Adapun rekomendasi Komnas HAM sebagai berikut,
- Meminta kepada Penyidik untuk menindaklanjuti temuan fakta peristiwa oleh Komnas HAM RI dalam proses penegakan hukum dan memastikan proses tersebut berjalan imparsial, bebas intervensi, transparan serta akuntabel berbasis scientific investigation.
- Menindaklanjuti pemeriksaan dugaan kekerasan seksual terhadap Sdri.
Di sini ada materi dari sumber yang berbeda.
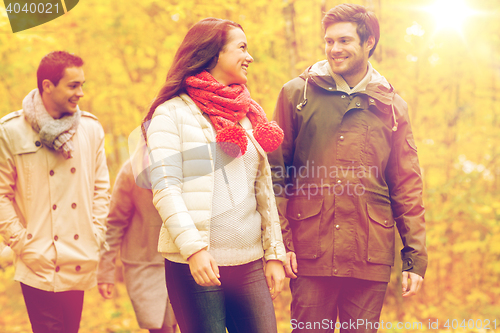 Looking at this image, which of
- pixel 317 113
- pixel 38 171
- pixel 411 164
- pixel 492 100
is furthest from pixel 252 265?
pixel 492 100

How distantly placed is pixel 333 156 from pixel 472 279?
15.8 feet

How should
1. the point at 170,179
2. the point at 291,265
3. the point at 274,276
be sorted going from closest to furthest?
1. the point at 170,179
2. the point at 274,276
3. the point at 291,265

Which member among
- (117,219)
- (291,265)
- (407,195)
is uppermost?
(407,195)

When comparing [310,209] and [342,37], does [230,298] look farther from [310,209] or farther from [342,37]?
[342,37]

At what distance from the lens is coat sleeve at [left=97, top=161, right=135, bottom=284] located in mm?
3545

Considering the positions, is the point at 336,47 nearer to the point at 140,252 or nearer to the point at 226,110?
the point at 226,110

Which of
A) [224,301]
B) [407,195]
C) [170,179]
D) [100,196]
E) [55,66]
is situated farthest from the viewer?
[100,196]

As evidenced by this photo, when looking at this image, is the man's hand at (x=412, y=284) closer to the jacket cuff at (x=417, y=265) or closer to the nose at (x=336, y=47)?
the jacket cuff at (x=417, y=265)

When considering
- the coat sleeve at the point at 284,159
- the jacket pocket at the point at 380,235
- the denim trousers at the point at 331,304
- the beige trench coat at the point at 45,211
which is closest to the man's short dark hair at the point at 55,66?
the beige trench coat at the point at 45,211

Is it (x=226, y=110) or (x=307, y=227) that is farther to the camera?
(x=307, y=227)

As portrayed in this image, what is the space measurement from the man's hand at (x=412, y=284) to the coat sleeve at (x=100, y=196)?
6.68ft

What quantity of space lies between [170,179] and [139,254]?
63.9 inches

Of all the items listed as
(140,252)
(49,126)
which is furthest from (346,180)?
(49,126)

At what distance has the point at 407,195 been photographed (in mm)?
2914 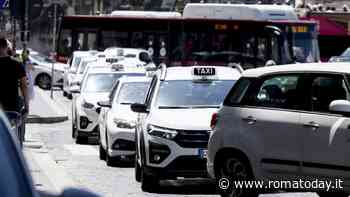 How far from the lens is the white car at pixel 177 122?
12.8 metres

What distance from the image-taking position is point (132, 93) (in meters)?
18.2

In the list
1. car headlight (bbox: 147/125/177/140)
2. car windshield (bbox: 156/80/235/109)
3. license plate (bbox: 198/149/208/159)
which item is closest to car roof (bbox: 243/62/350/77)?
license plate (bbox: 198/149/208/159)

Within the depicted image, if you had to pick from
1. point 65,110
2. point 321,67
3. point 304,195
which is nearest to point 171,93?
point 304,195

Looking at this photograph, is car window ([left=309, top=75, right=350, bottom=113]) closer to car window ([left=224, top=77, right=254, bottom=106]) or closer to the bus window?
car window ([left=224, top=77, right=254, bottom=106])

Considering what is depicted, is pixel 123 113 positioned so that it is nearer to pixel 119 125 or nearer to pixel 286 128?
pixel 119 125

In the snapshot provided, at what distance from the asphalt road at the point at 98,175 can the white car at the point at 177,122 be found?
29 centimetres

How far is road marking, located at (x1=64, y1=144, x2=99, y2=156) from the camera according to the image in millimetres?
19111

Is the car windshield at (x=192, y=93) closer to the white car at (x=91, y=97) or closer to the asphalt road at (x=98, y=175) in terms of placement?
the asphalt road at (x=98, y=175)

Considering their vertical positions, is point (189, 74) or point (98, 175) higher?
point (189, 74)

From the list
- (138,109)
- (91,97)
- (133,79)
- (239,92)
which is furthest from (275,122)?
(91,97)

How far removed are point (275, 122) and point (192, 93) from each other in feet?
11.4

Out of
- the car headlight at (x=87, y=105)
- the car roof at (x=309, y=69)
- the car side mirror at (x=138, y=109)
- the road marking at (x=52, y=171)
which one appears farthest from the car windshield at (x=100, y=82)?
the car roof at (x=309, y=69)

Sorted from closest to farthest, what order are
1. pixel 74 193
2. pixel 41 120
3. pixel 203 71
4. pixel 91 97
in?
pixel 74 193 < pixel 203 71 < pixel 91 97 < pixel 41 120

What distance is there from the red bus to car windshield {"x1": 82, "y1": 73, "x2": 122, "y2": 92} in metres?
18.2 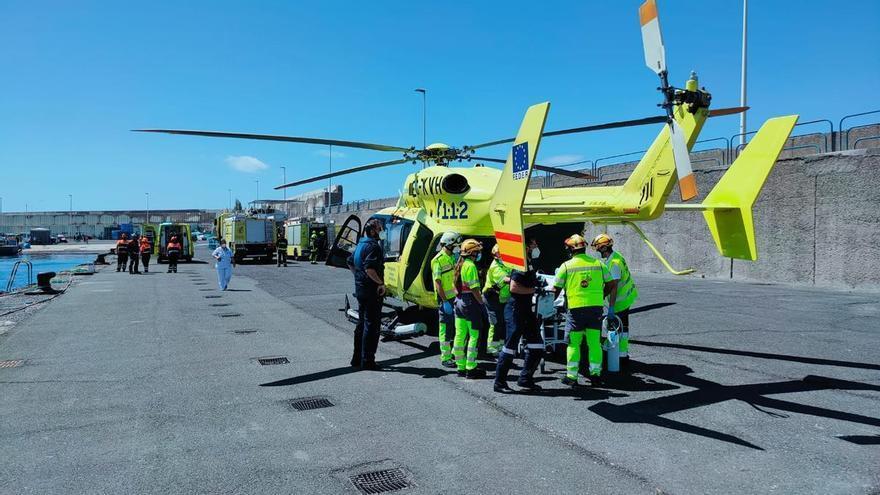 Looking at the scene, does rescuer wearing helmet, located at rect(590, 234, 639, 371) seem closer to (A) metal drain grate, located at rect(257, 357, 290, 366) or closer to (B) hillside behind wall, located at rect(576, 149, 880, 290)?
(A) metal drain grate, located at rect(257, 357, 290, 366)

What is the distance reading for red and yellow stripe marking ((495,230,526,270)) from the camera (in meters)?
5.72

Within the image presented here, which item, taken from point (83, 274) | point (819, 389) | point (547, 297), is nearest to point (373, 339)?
point (547, 297)

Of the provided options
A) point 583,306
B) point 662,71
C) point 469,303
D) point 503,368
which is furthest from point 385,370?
point 662,71

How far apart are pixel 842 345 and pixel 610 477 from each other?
6.44m

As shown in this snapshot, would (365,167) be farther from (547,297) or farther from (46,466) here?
(46,466)

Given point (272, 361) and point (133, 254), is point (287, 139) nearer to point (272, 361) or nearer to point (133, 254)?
point (272, 361)

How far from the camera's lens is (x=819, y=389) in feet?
19.7

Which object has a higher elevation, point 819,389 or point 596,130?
point 596,130

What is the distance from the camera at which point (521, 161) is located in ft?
19.2

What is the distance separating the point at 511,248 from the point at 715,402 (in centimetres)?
259

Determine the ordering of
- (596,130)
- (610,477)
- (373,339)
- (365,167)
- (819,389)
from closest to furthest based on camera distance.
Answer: (610,477), (819,389), (596,130), (373,339), (365,167)

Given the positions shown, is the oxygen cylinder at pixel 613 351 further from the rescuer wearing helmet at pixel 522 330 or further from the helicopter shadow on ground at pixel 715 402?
the rescuer wearing helmet at pixel 522 330

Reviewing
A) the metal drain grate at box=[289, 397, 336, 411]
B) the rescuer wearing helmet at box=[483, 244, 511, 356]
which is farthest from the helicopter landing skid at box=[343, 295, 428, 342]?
the metal drain grate at box=[289, 397, 336, 411]

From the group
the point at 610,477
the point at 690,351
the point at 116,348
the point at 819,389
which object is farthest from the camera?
the point at 116,348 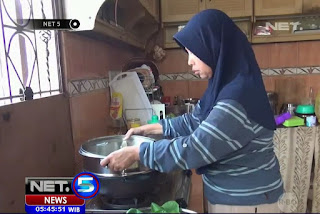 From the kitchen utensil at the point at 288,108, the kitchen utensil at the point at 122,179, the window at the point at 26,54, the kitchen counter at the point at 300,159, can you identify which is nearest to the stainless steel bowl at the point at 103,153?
the kitchen utensil at the point at 122,179

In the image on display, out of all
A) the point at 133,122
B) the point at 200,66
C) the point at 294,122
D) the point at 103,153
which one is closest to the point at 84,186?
the point at 103,153

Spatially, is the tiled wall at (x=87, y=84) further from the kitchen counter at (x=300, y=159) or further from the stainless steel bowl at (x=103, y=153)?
the kitchen counter at (x=300, y=159)

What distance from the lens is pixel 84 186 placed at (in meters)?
0.61

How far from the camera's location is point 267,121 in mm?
731

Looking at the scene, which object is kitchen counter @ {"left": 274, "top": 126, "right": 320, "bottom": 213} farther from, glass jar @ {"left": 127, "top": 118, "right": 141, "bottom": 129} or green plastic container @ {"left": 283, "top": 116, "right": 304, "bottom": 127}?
glass jar @ {"left": 127, "top": 118, "right": 141, "bottom": 129}

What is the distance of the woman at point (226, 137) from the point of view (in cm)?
67

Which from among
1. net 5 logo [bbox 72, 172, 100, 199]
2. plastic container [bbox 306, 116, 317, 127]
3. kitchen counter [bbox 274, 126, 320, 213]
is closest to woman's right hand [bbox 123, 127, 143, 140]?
net 5 logo [bbox 72, 172, 100, 199]

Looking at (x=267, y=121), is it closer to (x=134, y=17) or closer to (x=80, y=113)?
(x=80, y=113)

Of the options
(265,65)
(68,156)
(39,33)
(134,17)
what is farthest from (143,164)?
(265,65)

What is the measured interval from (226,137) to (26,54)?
689 millimetres

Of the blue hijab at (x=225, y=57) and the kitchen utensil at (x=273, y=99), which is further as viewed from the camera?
the kitchen utensil at (x=273, y=99)

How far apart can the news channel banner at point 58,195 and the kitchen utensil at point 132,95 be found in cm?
98

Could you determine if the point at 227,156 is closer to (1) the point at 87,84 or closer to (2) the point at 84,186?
(2) the point at 84,186

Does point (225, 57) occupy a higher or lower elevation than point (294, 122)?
higher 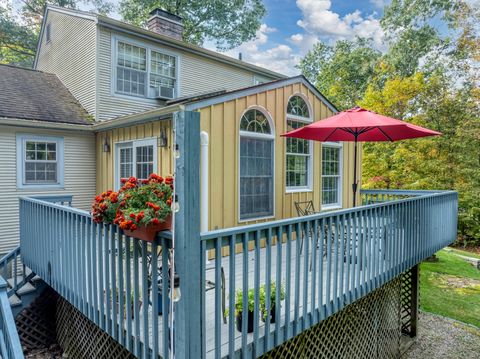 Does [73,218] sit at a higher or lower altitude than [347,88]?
lower

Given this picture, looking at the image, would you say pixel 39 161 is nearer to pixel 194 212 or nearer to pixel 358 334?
pixel 194 212

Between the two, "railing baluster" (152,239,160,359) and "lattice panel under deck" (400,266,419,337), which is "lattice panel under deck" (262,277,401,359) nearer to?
"lattice panel under deck" (400,266,419,337)

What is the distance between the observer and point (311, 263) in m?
3.40

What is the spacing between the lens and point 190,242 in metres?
2.08

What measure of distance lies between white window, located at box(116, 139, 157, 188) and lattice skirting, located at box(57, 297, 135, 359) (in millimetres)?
2722

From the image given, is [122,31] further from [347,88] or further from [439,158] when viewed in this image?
[347,88]

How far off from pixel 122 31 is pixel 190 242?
8.48 m

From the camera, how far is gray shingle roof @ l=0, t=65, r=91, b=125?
7.48 meters

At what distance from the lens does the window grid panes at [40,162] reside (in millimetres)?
7539

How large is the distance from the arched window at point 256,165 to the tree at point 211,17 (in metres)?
15.7

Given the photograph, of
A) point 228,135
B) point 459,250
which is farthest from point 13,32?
point 459,250

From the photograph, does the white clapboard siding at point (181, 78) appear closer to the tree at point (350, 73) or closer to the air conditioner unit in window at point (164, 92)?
the air conditioner unit in window at point (164, 92)

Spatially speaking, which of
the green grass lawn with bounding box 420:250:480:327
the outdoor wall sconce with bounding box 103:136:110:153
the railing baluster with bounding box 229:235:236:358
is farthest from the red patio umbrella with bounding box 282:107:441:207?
the green grass lawn with bounding box 420:250:480:327

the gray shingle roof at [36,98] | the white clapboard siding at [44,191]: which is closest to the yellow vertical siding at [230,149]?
the white clapboard siding at [44,191] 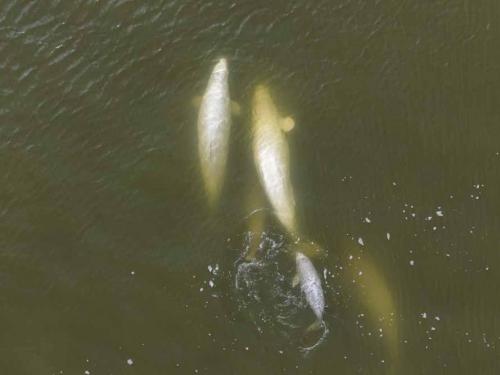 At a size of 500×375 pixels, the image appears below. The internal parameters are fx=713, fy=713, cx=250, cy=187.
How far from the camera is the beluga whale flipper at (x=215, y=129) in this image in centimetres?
714

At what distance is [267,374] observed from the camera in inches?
272

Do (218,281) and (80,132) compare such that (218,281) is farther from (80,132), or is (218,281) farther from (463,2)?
(463,2)

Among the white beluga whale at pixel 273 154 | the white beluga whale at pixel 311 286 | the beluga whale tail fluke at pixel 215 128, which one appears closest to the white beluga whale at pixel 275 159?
the white beluga whale at pixel 273 154

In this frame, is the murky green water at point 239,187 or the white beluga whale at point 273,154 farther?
the white beluga whale at point 273,154

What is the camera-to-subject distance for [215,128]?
725 cm

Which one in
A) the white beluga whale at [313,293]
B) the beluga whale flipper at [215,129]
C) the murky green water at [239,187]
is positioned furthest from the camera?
the beluga whale flipper at [215,129]

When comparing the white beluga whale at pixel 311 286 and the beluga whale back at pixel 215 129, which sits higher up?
the beluga whale back at pixel 215 129

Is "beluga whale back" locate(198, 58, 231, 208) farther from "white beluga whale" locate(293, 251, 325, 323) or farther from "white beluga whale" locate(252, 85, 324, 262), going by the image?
"white beluga whale" locate(293, 251, 325, 323)

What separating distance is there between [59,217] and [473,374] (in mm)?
4362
PC di Magelang dengan memperhatikan prinsip-prinsip hak asasi manusia dan kondisi kerentanan-kerentanan khusus.
- Memastikan penegakan hukumnya tidak hanya sebatas pelanggaran disiplin atau kode etik, tapi juga dugaan tindak pidana dan tidak hanya terhadap terduga pelakunya saja tapi juga semua pihak yang terlibat baik dalam kapasitas membantu maupun turut serta.
- Meminta kepada Inspektorat Khusus untuk memeriksa dugaan pelanggaran etik setiap anggota kepolisian yang terlibat dan menjatuhkan sanksi kepada anggota kepolisian yang terbukti melakukan obstruction of justice dalam penanganan dan pengungkapan peristiwa kematian Brigadir J sesuai dengan Peraturan Kepolisian Nomor 7 Tahun 2022 tentang Kode Etik Profesi dan Komisi Kode Etik Kepolisian Negara Republik Indonesia.
- Sanksi Pidana dan Pemecatan kepada semua anggota kepolisian yang terbukti bertanggung jawab, memerintahkan berdasarkan kewenangannya membuat skenario, mengonsolidasikan personil kepolisian dan merusak serta menghilangkan barang bukti terkait peristiwa kematian Brigadir J.
- Sanksi Etik Berat/Kelembagaan kepada semua anggota kepolisian yang terbukti berkontribusi dan mengetahui terjadinya obstruction of justice terkait peristiwa kematian Brigadir J.
- Sanksi Etik Ringan/Kepribadian kepada semua anggota kepolisian yang menjalankan perintah atasan tanpa mengetahui adanya substansi peristiwa dan/atau obstruction of justice.
- Menguatkan kelembagaan UPPA menjadi direktorat agar dapat menjadi lebih independen dan profesional dalam penanganan pelaporan kasus kekerasan terhadap perempuan, termasuk kekerasan seksual.
- Mengadopsi praktik baik dalam penanganan pelaporan kasus dugaan kekerasan seksual terhadap Sdri. PC pada kasus lain perempuan berhadapan dengan hukum.
- Meminta kepada Kapolri sebagai pemegang kekuasaan tertinggi Kepolisian Negara Republik Indonesia melakukan evaluasi menyeluruh terhadap mekanisme penanganan perkara hukum yang melibatkan pejabat utama kepolisian serta membangun standar pelibatan Lembaga pengawas eksternal kepolisian.
- Melakukan upaya pembinaan terhadap seluruh anggota kepolisian negara Republik Indonesia agar dalam menjalankan kewenangannya untuk tetap patuh pada ketentuan Perundang-undangan yang berlaku serta memegang teguh prinsip-prinsip profesionalitas, transparansi, akuntabilitas, serta memenuhi azas keadilan dan sesuai dengan standar hak asasi manusia sebagai upaya penjaminan peristiwa yang sama tidak berulang kembali.